以上の作品は3Dプリントされた作品のほんの一部だ。あくまでも試作品や展示品になるが、従来の方法に比べればはるかに早く、お金もかけずに作れるようになっている。3Dプリント技術は、素材もさまざまなものに対応したり、製造スピードも早くなったり、解像度も飛躍的に向上しつつある。

若いデザイナーにとってデザインをカタチにする選択肢を増やすことにつながっている。まだまだ性能的にも不十分な面も多く不安定だか、それでも多くのデザイナーを世に送り出すきっかけにもなっているといっていいだろう。

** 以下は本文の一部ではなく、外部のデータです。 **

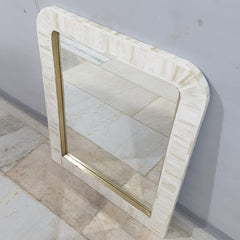 Bone Inlay Waterfall Mirror Frame 25
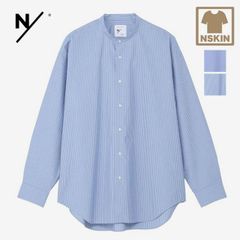 COMOLI バンドカラーシャツ SAX STRIPE サイズ2 - メルカリ
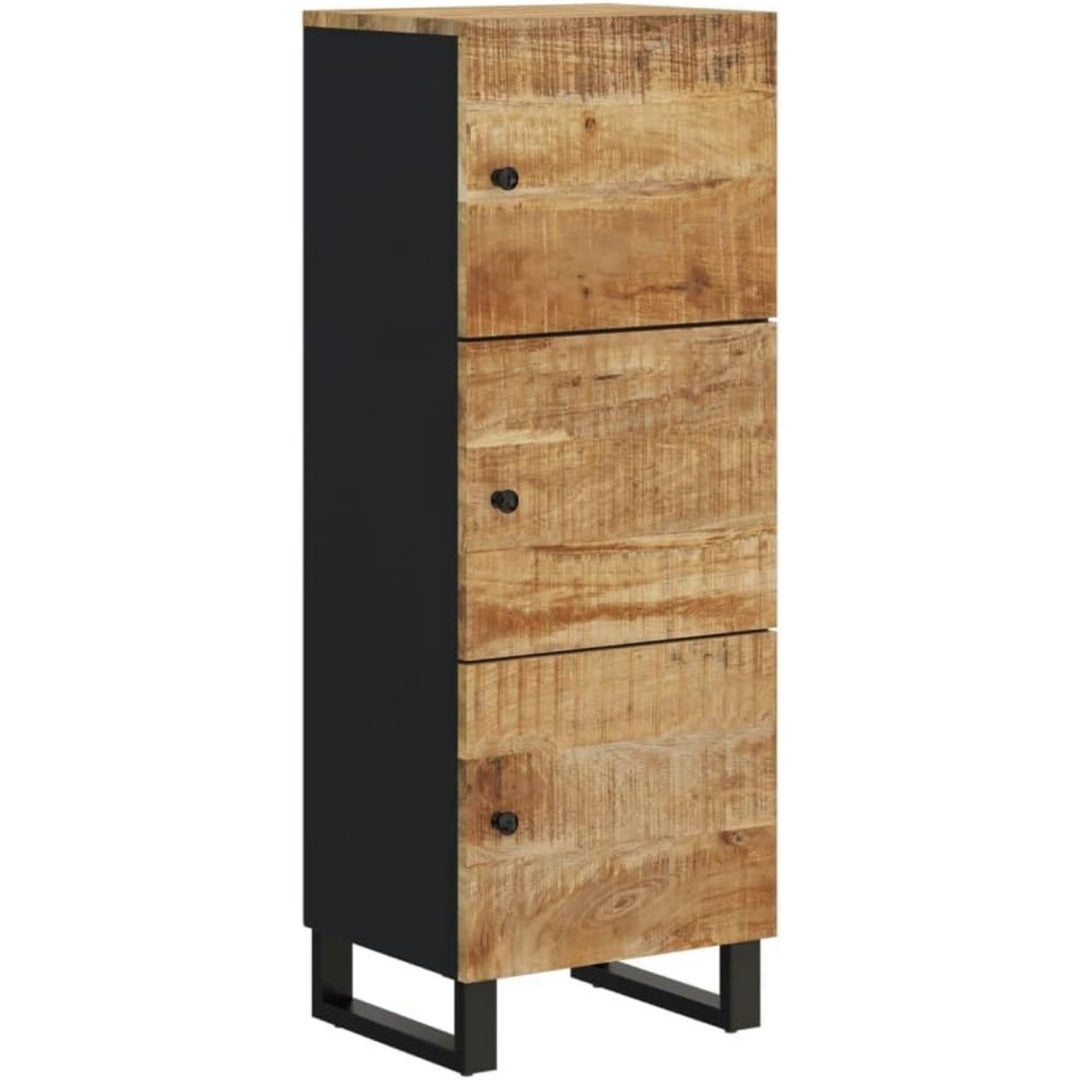 3 Tueren und geschlossenen Stauraum an dem Sideboard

そのため、最近ではデザイナーが自ら商品をデザインし、3Dプリンターを使って製造し、インターネットで販売、納品まで行う動きが少しずつ登場している。もちろん、当たり前の話だが3Dプリントした後、念入りに表明加工したり、塗装したりして、商品としてのアウトプットを高めていることは言うまでも無い。

基本的に、このような、3Dプリンターを使ったビジネスは、デザイン性と商品力で成り立つため、デザイナーの力が大きく発揮される。さらにデザイン性に優れた1点ものの商品は、カスタムメイドで完全受注生産なため、在庫管理や、売り掛け回収のリスクが無いため個人でもはじめることが可能だ。

単なる試作品を作るためだけに使用されていた3Dプリンターの役割は、どんどん変わってきている。使える素材の拡大は作れる商品の幅を増やし、造形スピードの向上は、量産するための生産マシーンとしての役割を担うだろう。

これからはさらにデザイナーの力を増幅させ、ものづくりにおける役割、社会における役割すらもかえるほどの潜在力を秘めていると言える。